• Excerpted records:
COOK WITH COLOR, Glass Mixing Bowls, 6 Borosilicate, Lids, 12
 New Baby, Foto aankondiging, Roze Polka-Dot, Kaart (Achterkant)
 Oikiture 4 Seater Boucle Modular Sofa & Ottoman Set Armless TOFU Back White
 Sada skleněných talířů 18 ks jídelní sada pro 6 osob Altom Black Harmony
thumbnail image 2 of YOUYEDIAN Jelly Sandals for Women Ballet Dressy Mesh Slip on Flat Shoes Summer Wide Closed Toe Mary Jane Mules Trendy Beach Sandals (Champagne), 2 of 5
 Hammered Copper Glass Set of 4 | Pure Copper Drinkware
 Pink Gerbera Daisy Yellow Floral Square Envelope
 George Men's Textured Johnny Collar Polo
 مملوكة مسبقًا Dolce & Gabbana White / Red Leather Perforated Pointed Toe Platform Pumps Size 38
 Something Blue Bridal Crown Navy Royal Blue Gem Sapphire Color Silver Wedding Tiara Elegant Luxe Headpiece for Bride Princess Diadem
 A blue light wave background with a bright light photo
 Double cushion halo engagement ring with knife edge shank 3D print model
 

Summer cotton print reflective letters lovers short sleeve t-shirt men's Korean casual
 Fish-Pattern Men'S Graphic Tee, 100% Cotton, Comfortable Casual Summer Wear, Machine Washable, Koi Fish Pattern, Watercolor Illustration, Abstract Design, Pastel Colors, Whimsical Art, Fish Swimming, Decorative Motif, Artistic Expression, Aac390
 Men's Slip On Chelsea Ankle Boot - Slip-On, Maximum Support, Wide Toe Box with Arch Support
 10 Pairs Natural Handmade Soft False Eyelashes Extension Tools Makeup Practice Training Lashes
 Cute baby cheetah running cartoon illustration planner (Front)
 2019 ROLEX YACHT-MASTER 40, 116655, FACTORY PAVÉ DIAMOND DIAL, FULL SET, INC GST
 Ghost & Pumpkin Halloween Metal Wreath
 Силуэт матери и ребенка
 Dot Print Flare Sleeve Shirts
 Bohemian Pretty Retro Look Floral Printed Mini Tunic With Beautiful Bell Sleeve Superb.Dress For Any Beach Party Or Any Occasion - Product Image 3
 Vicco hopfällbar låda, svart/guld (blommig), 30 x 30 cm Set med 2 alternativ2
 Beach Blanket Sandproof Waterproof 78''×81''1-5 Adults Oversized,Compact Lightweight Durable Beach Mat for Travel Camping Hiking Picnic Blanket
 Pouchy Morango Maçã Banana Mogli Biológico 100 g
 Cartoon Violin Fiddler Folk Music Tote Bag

• Task description: A complete, exact repeat of the records is the required answer.

• Answer to this problem:
COOK WITH COLOR, Glass Mixing Bowls, 6 Borosilicate, Lids, 12
 New Baby, Foto aankondiging, Roze Polka-Dot, Kaart (Achterkant)
 Oikiture 4 Seater Boucle Modular Sofa & Ottoman Set Armless TOFU Back White
 Sada skleněných talířů 18 ks jídelní sada pro 6 osob Altom Black Harmony
thumbnail image 2 of YOUYEDIAN Jelly Sandals for Women Ballet Dressy Mesh Slip on Flat Shoes Summer Wide Closed Toe Mary Jane Mules Trendy Beach Sandals (Champagne), 2 of 5
 Hammered Copper Glass Set of 4 | Pure Copper Drinkware
 Pink Gerbera Daisy Yellow Floral Square Envelope
 George Men's Textured Johnny Collar Polo
 مملوكة مسبقًا Dolce & Gabbana White / Red Leather Perforated Pointed Toe Platform Pumps Size 38
 Something Blue Bridal Crown Navy Royal Blue Gem Sapphire Color Silver Wedding Tiara Elegant Luxe Headpiece for Bride Princess Diadem
 A blue light wave background with a bright light photo
 Double cushion halo engagement ring with knife edge shank 3D print model
 

Summer cotton print reflective letters lovers short sleeve t-shirt men's Korean casual
 Fish-Pattern Men'S Graphic Tee, 100% Cotton, Comfortable Casual Summer Wear, Machine Washable, Koi Fish Pattern, Watercolor Illustration, Abstract Design, Pastel Colors, Whimsical Art, Fish Swimming, Decorative Motif, Artistic Expression, Aac390
 Men's Slip On Chelsea Ankle Boot - Slip-On, Maximum Support, Wide Toe Box with Arch Support
 10 Pairs Natural Handmade Soft False Eyelashes Extension Tools Makeup Practice Training Lashes
 Cute baby cheetah running cartoon illustration planner (Front)
 2019 ROLEX YACHT-MASTER 40, 116655, FACTORY PAVÉ DIAMOND DIAL, FULL SET, INC GST
 Ghost & Pumpkin Halloween Metal Wreath
 Силуэт матери и ребенка
 Dot Print Flare Sleeve Shirts
 Bohemian Pretty Retro Look Floral Printed Mini Tunic With Beautiful Bell Sleeve Superb.Dress For Any Beach Party Or Any Occasion - Product Image 3
 Vicco hopfällbar låda, svart/guld (blommig), 30 x 30 cm Set med 2 alternativ2
 Beach Blanket Sandproof Waterproof 78''×81''1-5 Adults Oversized,Compact Lightweight Durable Beach Mat for Travel Camping Hiking Picnic Blanket
 Pouchy Morango Maçã Banana Mogli Biológico 100 g
 Cartoon Violin Fiddler Folk Music Tote Bag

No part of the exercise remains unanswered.